オレンジ色の炎が薄暮の空に重なった。火の勢いに注意しながら流木をくべると、すぐにパチパチと乾いた音を立てて燃え、白い煙が風の吹く方向を指し示すようにゆっくりと流れていく。海に向かって流された煙は、やがて音もなく周りに溶け込むように消えてしまった。僕は大きく息を吸い、消えた煙の名残を探す。
「こんなのでどうかな」
やがて彼女が集めてきた流木を両手に抱えて戻ってきた。
「ありがとう。いいんじゃないか」
「探せばあるものね。たくさん集めたくて、結構遠くまで行っちゃった」
そう言って彼女は流木を足元に落とした。流木同士がぶつかる乾いた音が耳に響いた。
「ねえ、もっと集めてこようか」
「いや、これぐらいあれば充分じゃないかな」
僕が答えると、彼女は焚火を挟んで向かい側に座った。炎と同じ色に染まる彼女の白いシャツが艶やかで、僕は少しだけ視線を逸らす。
「左膝、最近はどんな感じ?」
「もうすぐ松葉杖なしでも歩けるようになるって言われたよ」
「そう。良かったね」
この頃は、そんな会話も出来るようになっていた。
焚火をしようと言い出したのは僕だった。彼女はすぐその提案に乗ってくれた。なかなか思うように動けない僕を気遣い、薪となる流木を集める役を買って出てくれた。僕の役目は砂を掘り、そこに薪を並べ、炎の大きさを調節すること。そんなささいな分担作業が、僕らの距離を確実に縮めていく。

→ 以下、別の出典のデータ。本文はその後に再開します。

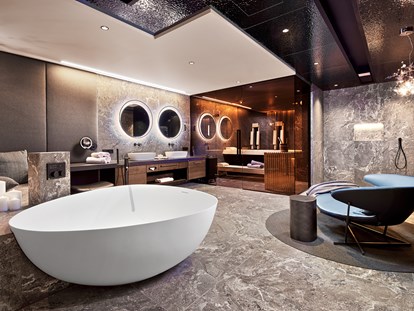 Luxusurlaub - Bayern - Badezimmer der Luxury-Suite mit eigener Sauna, freistehende DUO-Badewanne mit Regensystem, 
Wärmebank und Relax-Bereich - 5-Sterne Wellness- & Sporthotel Jagdhof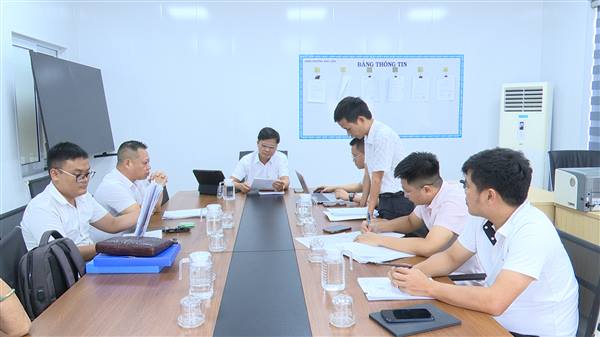 Đồng chí Chủ tịch UBND phường Phạm Văn Diện tiếp, giải quyết đơn của ông Đào Văn Bẩy về việc tạm dừng tiếp nhận và trả hồ sơ đề nghị cấp Giấy chứng nhận quyền sử dụng đất lần đầu đối với bà Phạm Thị Mây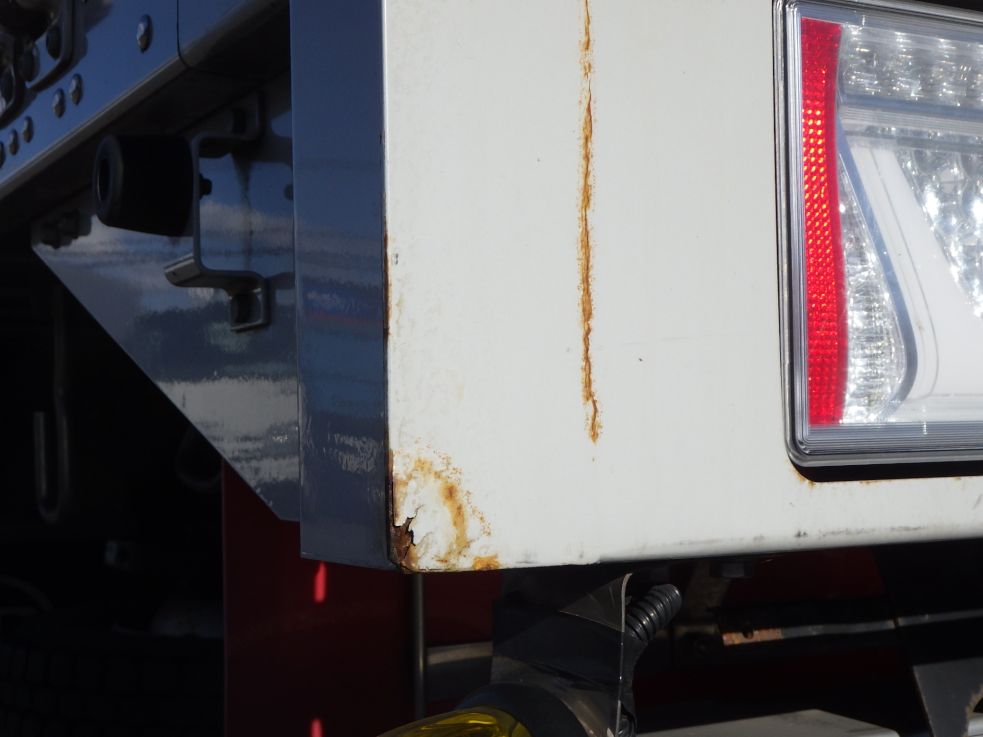 化粧板の助手席側にサビがあります。|UDトラックス クオン 2PG-CG5CAの写真44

暮れなずむ空に、少しずつ群青色が混じっていく。穏やかな波が周りの静寂さを際立たせる、そんな昼間が夜にバトンを渡す僅かな時間帯、僕らは時折小さな会話を挟みながら焚き火を見つめていた。不規則な揺れが意識をどこか別の場所に誘い、気が付けば海月が浮遊するかのように更に他の場所へと移動する。敢えて着地点を決めず、僕らはその無重力にも似た感覚に心を浸した。
「ねえ、健太の子供の頃のことを話してよ」
「え?」
「今よりももっと小さいとき。何をして、どんなことを考えていたのか」
問いかけが無邪気であるがゆえに、僕は返事に窮してしまう。彼女の期待に応える話など一つもないように思われた。正直断りたかったが、彼女の澄んだ瞳がこちらを見据え、僕にそのきっかけを与えようとしない。しばし考えたのち、僕はミューのことを話した。心身共に深い傷を抱えていたあの頃、自分にとってこの海とミューがいかに大切な存在だったかを。しかし話を進めていくうちに、そこはかとなく不安が沸き起こった。確かにミューはあの頃の自分にとっては必要な存在だったのだが、だからと言って彼女がどう受け止めるかは分からなかった。子供っぽいと一笑に付されるようなことがあれば、それは今の自分を構築している殆ど全てを否定されたに等しく、せっかくここまで築いてきた彼女との関係が一気に壊れてしまうかもしれなかった。僕にとってミューとはそれほど無垢で侵しがたい存在だった。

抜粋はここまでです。